[Opening SUPPLIED MATERIAL section]

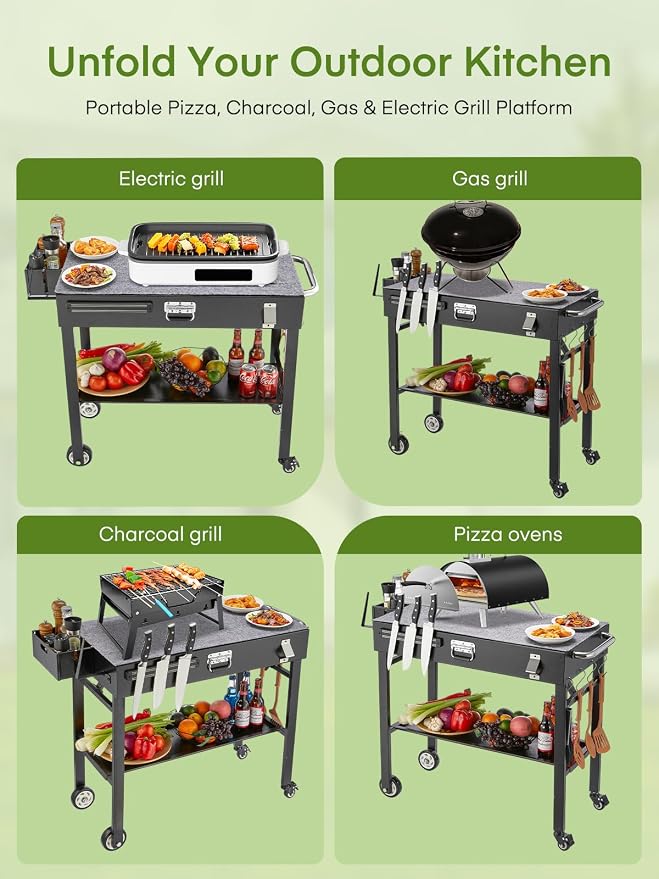 Grill Cart, Portable Outdoor Grill Table - Image 6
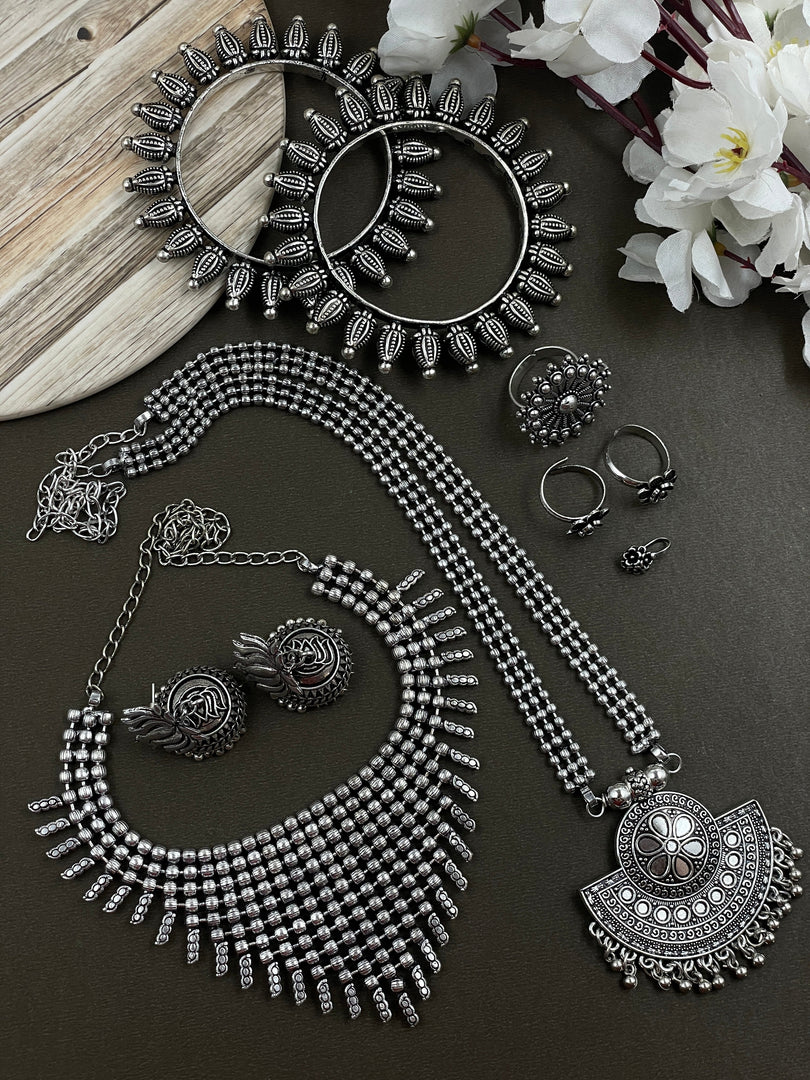 OXIDISED DOUBLE NECKLACE JEWELLERY SET COMBO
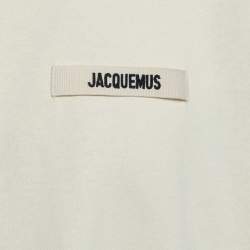 Pre Owned Jacquemus Beige Cotton Crew Neck Gros Grain T-Shirt XL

[Closing SUPPLIED MATERIAL section]

§ WHAT THE TASK REQUIRES
What you return must match the data above exactly, with no images included.

§ RESPONSE
 Grill Cart, Portable Outdoor Grill Table - Image 6
 OXIDISED DOUBLE NECKLACE JEWELLERY SET COMBO
 Pre Owned Jacquemus Beige Cotton Crew Neck Gros Grain T-Shirt XL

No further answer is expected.